Türkiye ve Fransa arasındaki ilişkileri düzeltmeye dönük olarak kurulan Cercle de İnstitut Bosphore/Boğaziçi Enstitüsü Çemberi adlı düşünce kuruluşu da, Paris’te ilkini gerçekleştirdiği toplantıda Türkiye’deki genel seçimleri ve sonuçlarını değerlendirdi.
Paris’te ilk kez düzenlenen toplantıya, AKP’ye üçüncü kez iktidara gelme başarısı getiren sonuçlarının analizini merak eden Fransız bakan ve diplomatların yanı sıra akademisyen ve ekonomistler de büyük ilgi gösterdi. Toplantıya konuşmacı olarak Türkiye uzmanı stratejist, Boğaziçi Enstitüsü Bilimsel Komitesi üyesi Alexandre Adler, Bahçeşehir Üniversitesi’nden ekonomist Seyfettin Güler, Kadir Has Üniversitesi Uluslararası İlişkiler profesörü yazar Soli Özel katıldı. Türkiye uzmanı akademisyen Didier Billion’un yönettiği toplantıda katılımcılar, seçimlerin AKP’yi güçlü bir iktidara taşıdığını ancak anayasayı değiştirme hakkını tek başına vermediklerini belirterek, “Anayasa CHP’li reformcular ile birlikte değiştirilmeli. Ve her iki taraf da bu tarihi fırsatı kaçırmamalı” görüşünde birleşti. Sandıktan çıkan mesajları üç başlık altında toplayan katılımcılar, birincisinin AKP’nin başarısı, ikincisinin CHP’siz anayasa yazılamayacağı, üçüncüsünün de Kürt sorununun mutlaka çözüme kavuşturulması olduğunu dile getirdiler.

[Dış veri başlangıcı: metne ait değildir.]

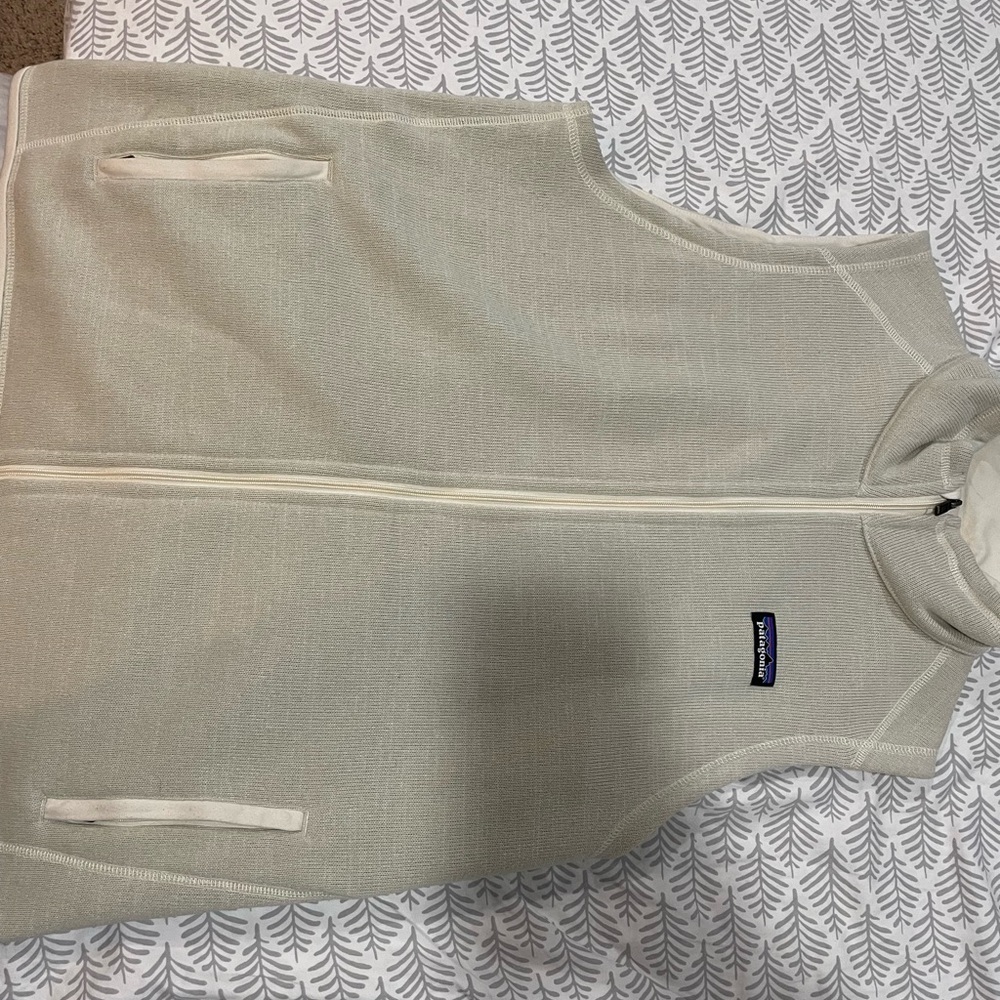 Patagonia Cream Sherpa-Lined Full-Zip Vest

Alexandre Adler, dünya dengeleri ve Türkiye analizinin ardından, “Şimdi Türkiye çok önemli bir dönemeçte. Yüzde 50 ile iktidara gelen bir hükümet var. Ama anayasayı muhalefet ile yapmak zorunda. CHP’nin tavrı çok önemli, daha reformist mi olacak, tutucu mu kalacak, seçmek zorunda. Anayasa içerde Baykal-Kılıçdaroğlu çekişmesine heba edilmemeli. Erdoğan da CHP’yle uzlaşma yolunu bulmalı. Böylece ‘Putinleşme’ en dişelerini de boşa çıkarır. AKP ve CHP şimdi silahlarını gömmeli. Bundan sonra AKP ve CHP’nin reformistlerinin bu süreci çok iyi görüp bu fırsatı değerlendirebilmeleri çok önemlidir” dedi. Adler, Kürt sorunu konusunda da adım atılması gerektiğine vurgu yaparak, “Seçimlerin üçüncü mesajı da budur. Kürt sorunu konusunda ilerleme sağlamalı. Belki Erdoğan en büyük hayali olan başkanlık sistemine geçiş için BDP ile bir takım anayasal haklar konusunda uzlaşabilir” diye konuştu.

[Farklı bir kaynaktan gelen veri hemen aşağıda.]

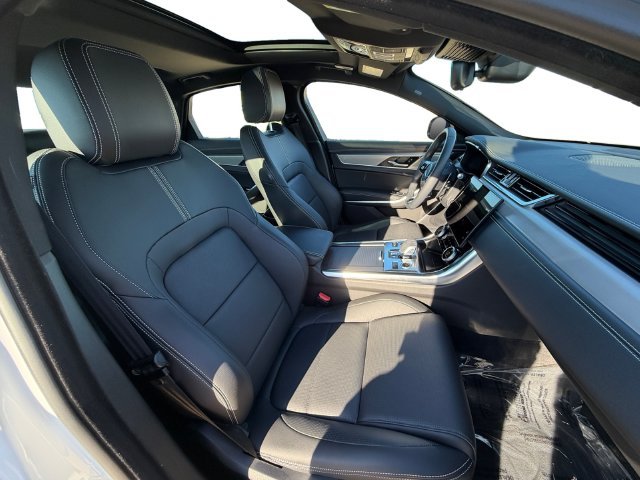 Used 2024  Jaguar R-Dynamic SE image 16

Kadir Has Üniversitesi Uluslararası İlişkiler profesörü yazar Soli Özel de, Fransızlara Türkiye’nin seçim sonrası politik portresini çizerek, “Artık Türkiye’nin daha fazla korku politikası ile yönetilemeyeceği açıktır. Laiklik önemli bir unsur. Toplumun katılımı önemli. Yeni anayasayı iki taraf birlikte yazmalı” dedi.
Seçimlerin ekonomik tablosunu anlatan Seyfettin Gürsel de, Türkiye’deki anket kuruluşlarının seçimlerin önemli kaybedenlerden birisi olduğunu vurguları. AKP’ye seçimleri kazandıran ekonomik büyümenin beklenenin ve kaldırabileceğinin üzerinde olduğunu ve çok ısındığını belirterek, iktidarın yeni dönemde buna uygun altyapı ve kurumların bir an evvel oluşturulması gerektiğini dile getirdi. Gürsel, “Çılgın, tehlikeli bir büyüme var. Babacan büyümeyi kontrol etmekte kararlı olduğunu açıkladı. Reform ihtiyacını Başbakan’ın da görmesi gerekir. Orta vadede yapısal reform, çalışma, eğitim, enerji de ve vergi dünyasında reforma gitmek gerekiyor,” dedi.